Cães E Gatos Precisam De Cuidados Especiais Na Praia
Praia não combina com cachorro nem ao menos com gato. Você pode até meditar que o bicho vai gostar ter toda aquela areia para correr e, depois, ainda poder entrar pela água para se refrescar. Todavia esse tipo de lugar traz abundantes riscos pra saúde do pet - e assim como pro bem-estar das pessoas. De acordo com o veterinário Mário Marcondes dos Santos, diretor-clínico do Hospital Sena Madureira, de São Paulo, caso os proprietários do animal desejem levá-lo pras férias pela praia sem pôr a saúde dele em traço, necessitam tomar uma série de cuidados. Um das dificuldades principais a que os cães e os gatos ficam expostos é a doença do verme do coração, que é transmitida por pernilongos localizados no litoral em quantidades muito maiores do que nas áreas com maior concentração urbana.

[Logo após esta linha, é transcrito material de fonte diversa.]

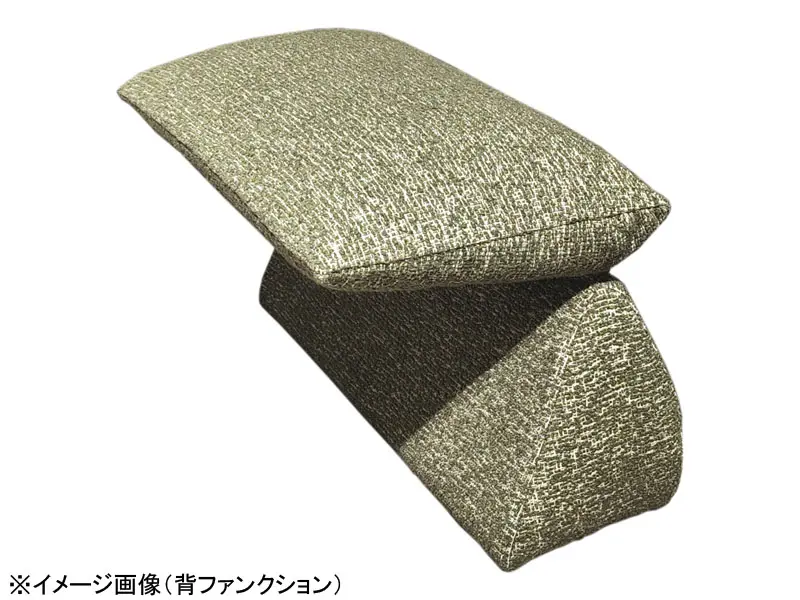 パルテ 背ファンクション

Este verme se aloja, como já se podes pensar, no coração do paciente, provocando sintomas que são capazes de demorar anos pra mostrar-se, entretanto que costumam ter resultâncias muito graves. Além disso, trata-se de uma zoonose, ou seja, podes ser transmitida a humanos, alojando-se no pulmão. Em geral, conta o especialista, animais que sofrem deste mal devem ir por um tratamento complicado que, normalmente, envolve internação em hospital e cirurgia.
Os sintomas são relacionados ao aparelho cardiovascular, como tosse, inexistência de ar, cansaço, inchaço nos membros, barriga inchada e língua arroxeada. Pra precaver o contágio, o melhor é colocar uma medicação no bicho 30 dias antes da viagem, logo depois do regresso para casa e trinta dias depois. No entanto, antes de colocar o medicamento, é preciso examinar o pet para saber se ele de imediato não foi contaminado pela doença.
Caso os donos viajem constantemente com o cão ou o gato para o litoral, o jeito é vermifugar o pet a toda a hora, explica Alexandre Sano, diretor da Sociedade Paulista de Medicina Veterinária e cirurgião da Med Dog. O mesmo cuidado vale para as pessoas que mora em cidades litorâneas ou próximas ao mar.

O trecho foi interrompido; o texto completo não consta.